GEORGE TOWN, Cayman Islands A 30-foot (9 meter) sailboat with about 30 Cuban refugees aboard docked in the Cayman Islands on Sunday and passengers said they were hoping to reach Honduras.
The passengers told Reuters they were from Manzanillo in the southwestern province of Granma.
Ranging in age from teenagers to retirees, said they decided to leave the island because of economic conditions in Cuba, and complained that recent private sector reforms had not been as broadly implemented in the eastern end of the island, far from the capital, Havana.
They were provided with supplies after landing in East End, on the island of Grand Cayman, and continued on their journey.
Under an agreement between Cuba and the Cayman Islands signed more than a decade ago, Cuban migrant boats are allowed to pass through Cayman waters as long as they do not seek any assistance.
Cayman and Cuban officials are due to meet soon to negotiate new terms of the 1999 migration agreement.
Cayman officials said last year that a growing number of Cuban migrant boats are being spotted in the their territorial waters, apparently in response to possible changes in U.S. immigration laws migrants fear could make it harder for them to enter the United States.

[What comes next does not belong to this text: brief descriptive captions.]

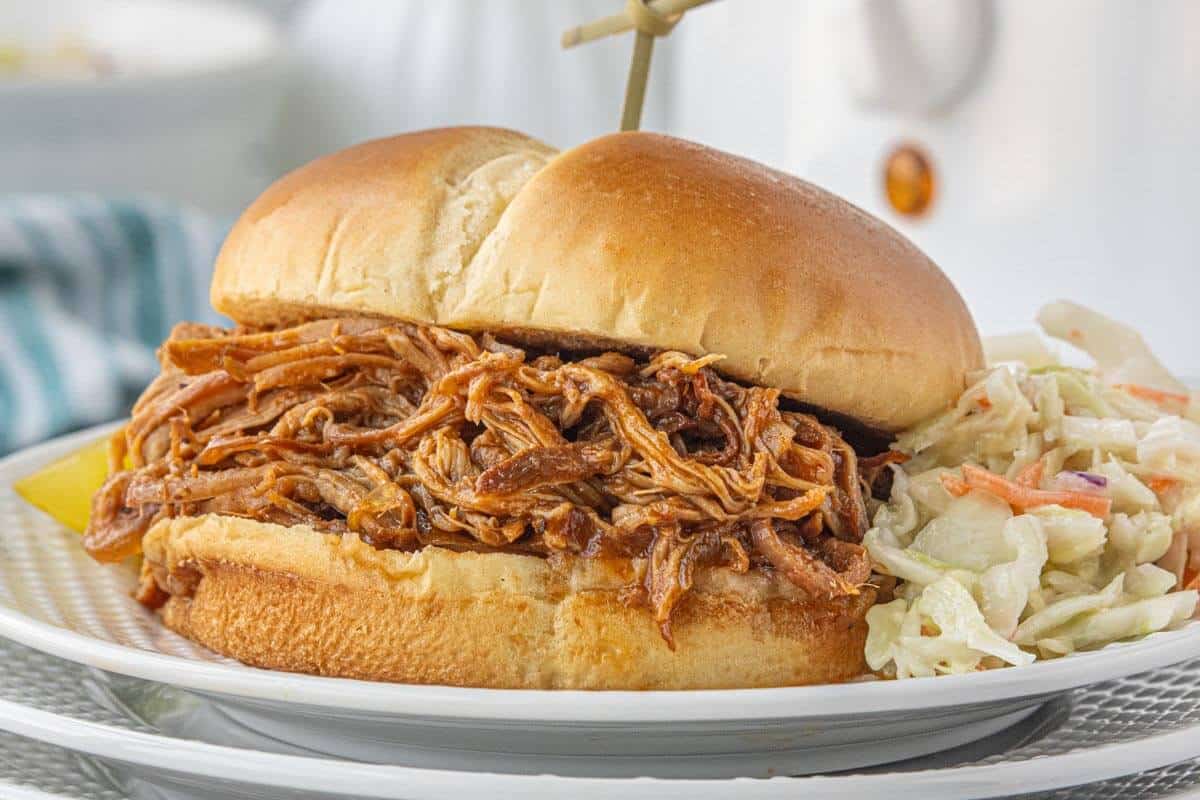 Pulled pork sandwich piled high with saucy shredded pork, served with coleslaw and a pickle spear.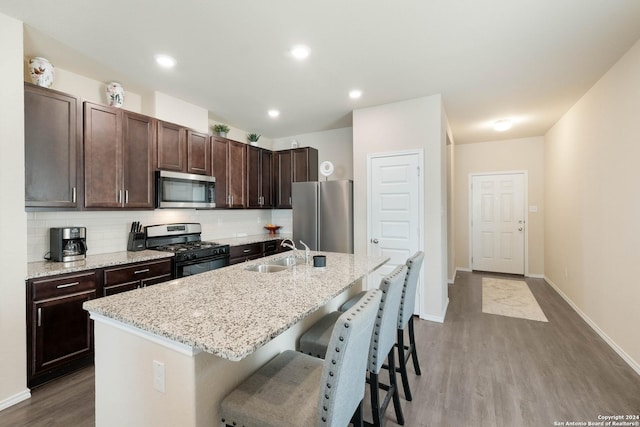 kitchen featuring tasteful backsplash, sink, a kitchen bar, stainless steel appliances, and a center island with sink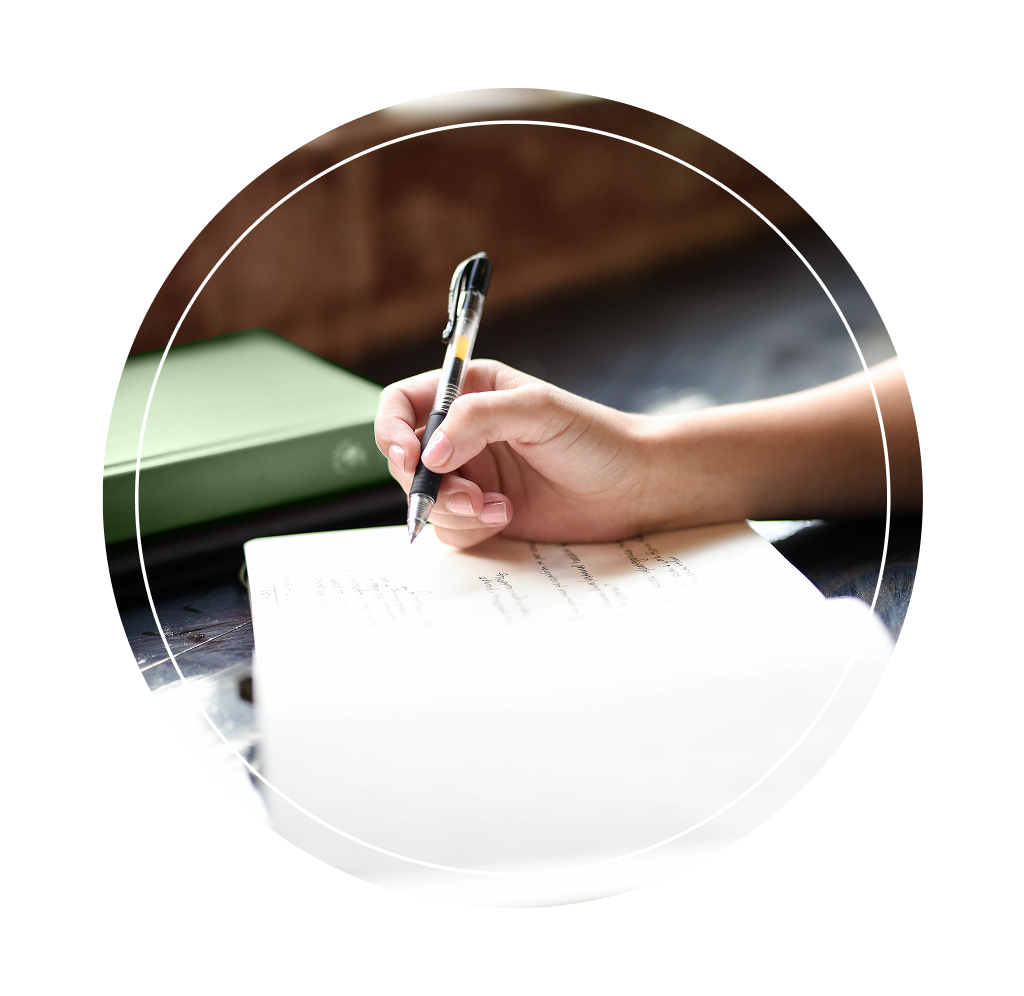 An individual writing in a journal.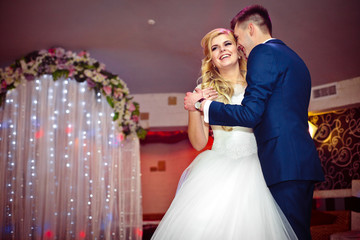 Romantic couple of newlyweds first elegant dance at wedding rece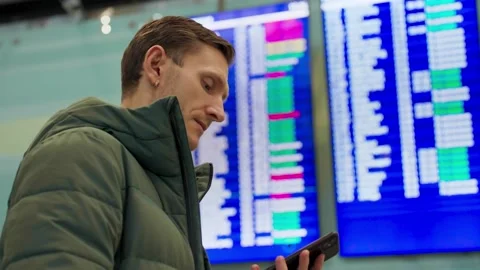 Young man looking at flight schedule at airport. Checking airline departure Stock Footage 170048237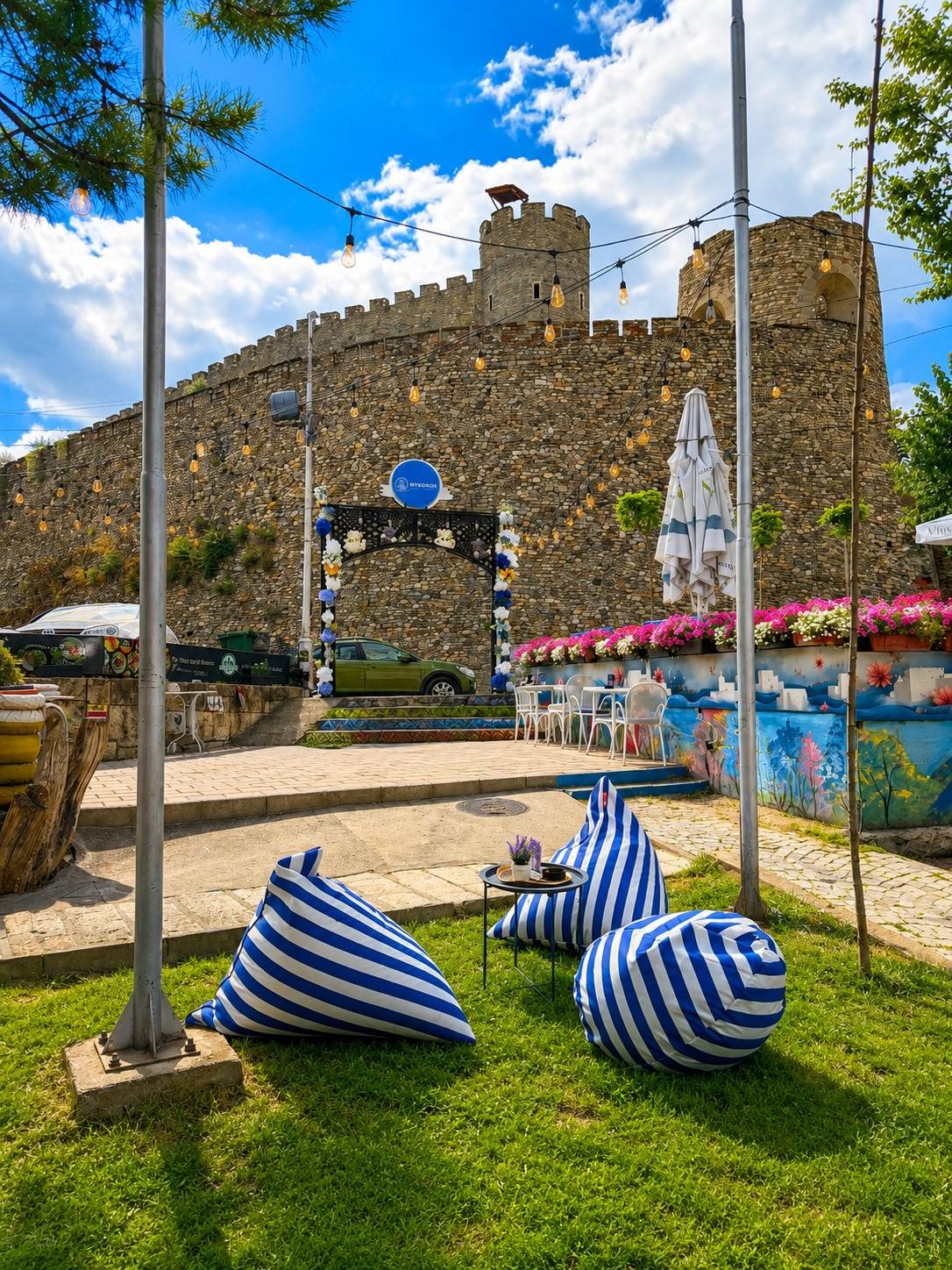 The walls and towers of Kale Fortress rising above the lawn, blue-and-white beanbags and string lights below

Using makeshift boats or speed boats operated by smugglers, Cubans attempting to flee the communist-run island for the United States have long traveled through the waters of the Cayman Islands, a British territory located less than 100 miles south of Cuba.
The route offers favorable winds and sea currents for Cuban migrants trying to reach Honduras, from where they make the long journey overland to reach the U.S. border with Mexico.
The Cayman government does not keep official statistics on Cuban boats traveling through its waters.
Cayman authorities said the number is lower than the spike experienced in the mid-1990s, when tens of thousands of Cubans fled toward Florida by boat and hundreds of refugees flowed into the Caymans.